### Activity
Reproduce the entries word for word, and omit any picture you find in them.

----- Records shown

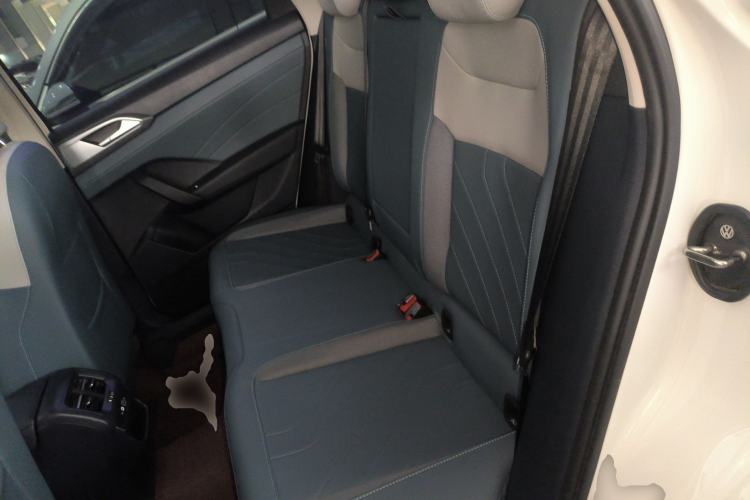 Used Volkswagen Tharu 2024 300TSI Two-Wheel-Drive Full Moon Edition
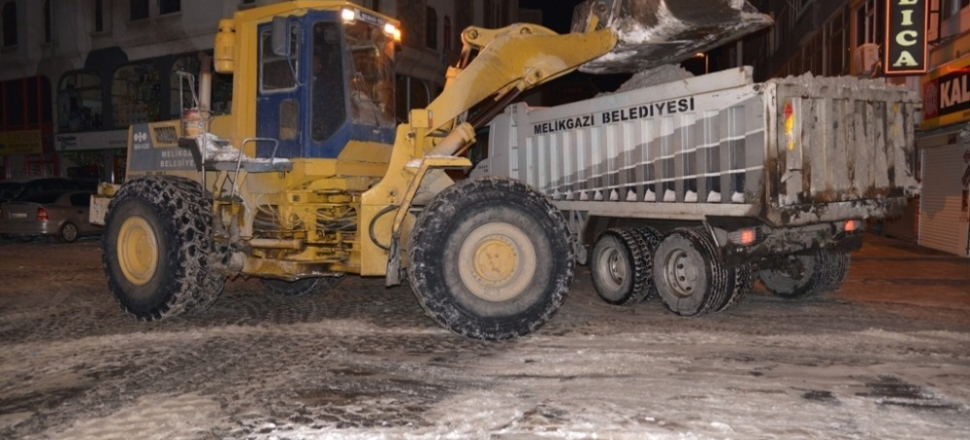Kayseri Melikgazi’de kesintisiz ulaşım sürüyor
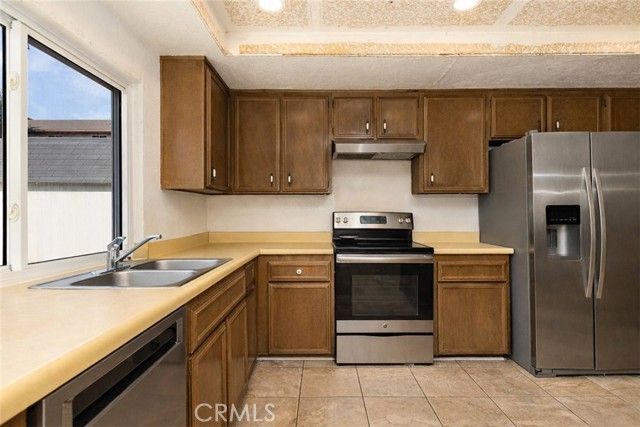 1611 N Kelly, Upland, CA 91784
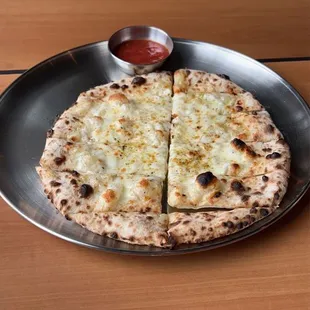 cheese bread and marinara sauce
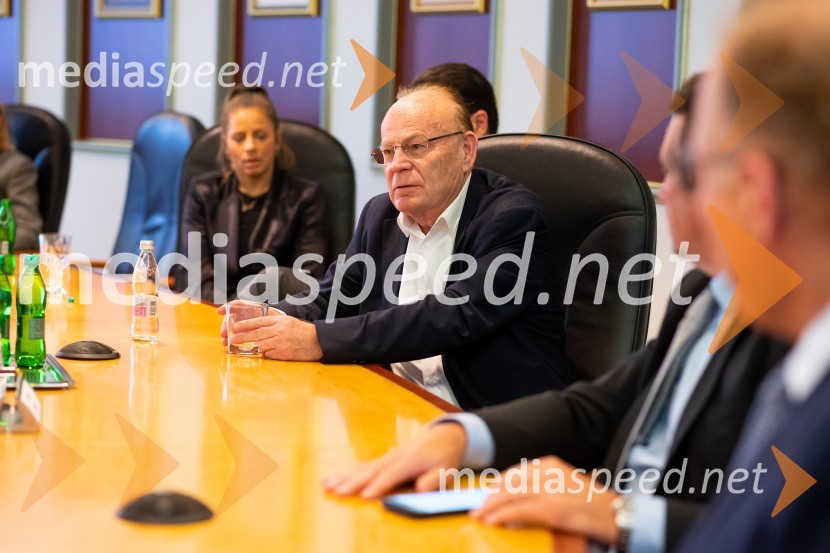 Srečanje državnega sekretarja Štucina s člani Slovenskega konzularnega zbora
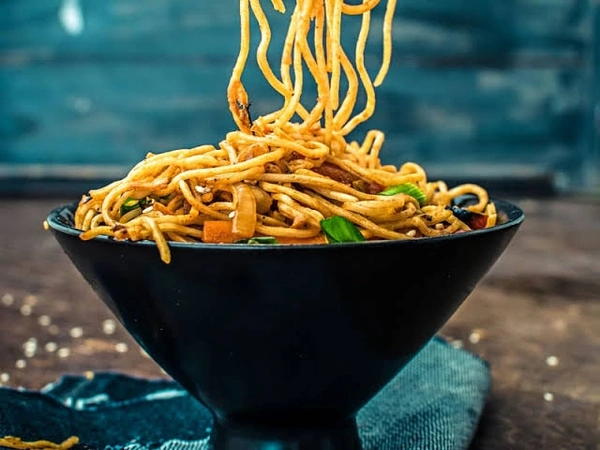 शेजवान नूडल्स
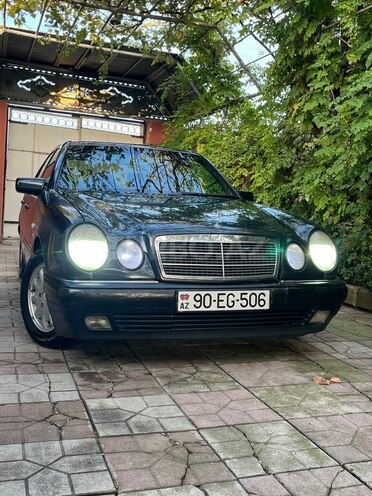 Mercedes E 230-1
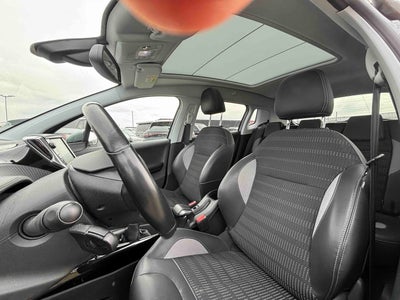 Peugeot 2008 e-THP 110 Allure Sky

----------

### Solved exercise
 Used Volkswagen Tharu 2024 300TSI Two-Wheel-Drive Full Moon Edition
Kayseri Melikgazi’de kesintisiz ulaşım sürüyor
 1611 N Kelly, Upland, CA 91784
 cheese bread and marinara sauce
 Srečanje državnega sekretarja Štucina s člani Slovenskega konzularnega zbora
 शेजवान नूडल्स
 Mercedes E 230-1
 Peugeot 2008 e-THP 110 Allure Sky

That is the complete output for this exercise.